Resistor Networks, Arrays: MNR12ERAPJ103 Application Field and Working Principle
Resistor networks, arrays, and chips are essential to electronic system designs, providing an effective way to provide the desired impedance in a specified circuit and in specified conditions. The MNR12ERAPJ103 is a resistor network with twelve resistors in package that has been designed to meet the diverse requirements for high power or high frequency applications. This article will review the application field and working principle of the MNR12ERAPJ103.
Overview of MNR12ERAPJ103
The MNR12ERAPJ103 is a chip that consists of twelve resistors. Each one is 0.025Ω precision wide tolerance resistors and they are connected in two different configurations. The first is 12 x 3 link that is connected in series order with three of its resistors connected in a series.The second option is that it can be connected in parallel with each of the four resistors connected in parallel. It offers a high tolerance to current inrush and can operate at temperatures as high as +150°C.
Application Field
The MNR12ERAPJ103 is an ideal choice for applications that require precise resistor values. This chip is suitable for power and radio frequency applications, especially those in high temperature environments. It is ideal for use in electronic circuits, protection circuits, switching circuits, radio frequency systems, and other applications, where the MNR12ERAPJ103’s resistance tolerance and current inrush feature provide a high degree of accuracy and reliability.

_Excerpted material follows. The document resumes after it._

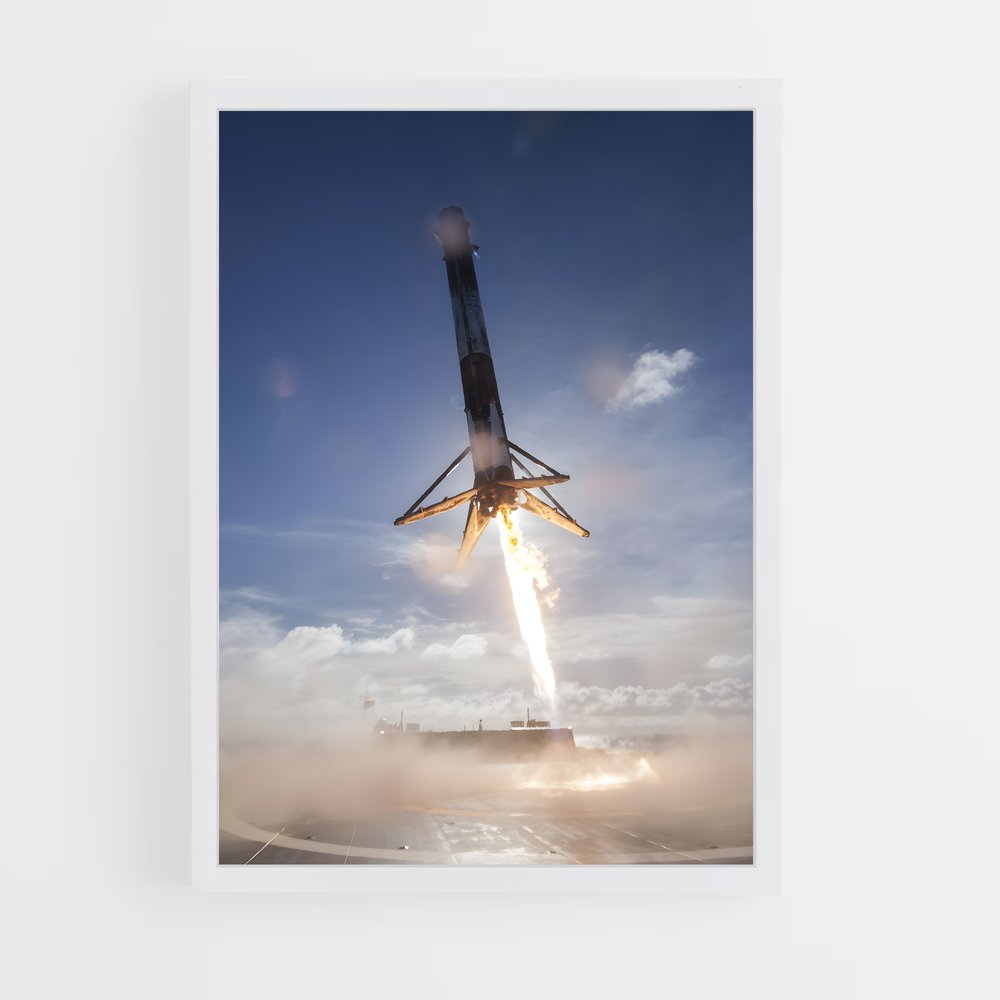 ap-falcon 9-11 cadre Blanc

The chip is also suitable for use in printing circuits boards (PCB)since the resistor values are pre-programmedand calibrated. This makes it easy to connect the MNR12ERAPJ103 to the PCB and also make sure that the desired resistance values are accurate. For applications involving high temperatures, the MNR12ERAPJ103 provides an efficient way to maintain precisely calibrated resistor values despite high temperatures.
Working Principle
The MNR12ERAPJ103 consists of twelve 0.025Ω precision wide tolerance, non-inductive resistors. The twelve resistors can be connected in two primary configurations. The first is a 12 x 3 link that is connected in a series with three of its resistors connected in a series. With this configuration, the MNR12ERAPJ103 provides a total resistance equal to 12 times the value of each one of the three resistors. The other option is to connect it in parallel with each of the four resistors connected in parallel. This configuration results in a total resistance equal to the value of each of the four resistors in the chip combined in parallel.
The MNR12ERAPJ103 offers outstanding tolerance to current inrush and can operate effectively in temperature ranging up to +150°C. Its resistance also remains constant over a wide temperature range, providing accurate readings in any environment. Furthermore, the chip also offers low series inductance, which limits the influence of inductive pathways in high-impedance analog circuits such as receivers.
Conclusion
The MNR12ERAPJ103 is a 0.025Ω precision wide-tolerance resistor network, consistingof twelve resistors connected in two distinct configurations. It is suitable for power and RF applications and for applications involving high temperatures due to its excellent tolerance to current inrush and high-temperature operation. Its resistance also remains constant over a wide temperature range, providing accurate readings in any environment. Furthermore, the chip also offers low series inductance, which limits the influence of inductive pathways in high-impedance analog circuits.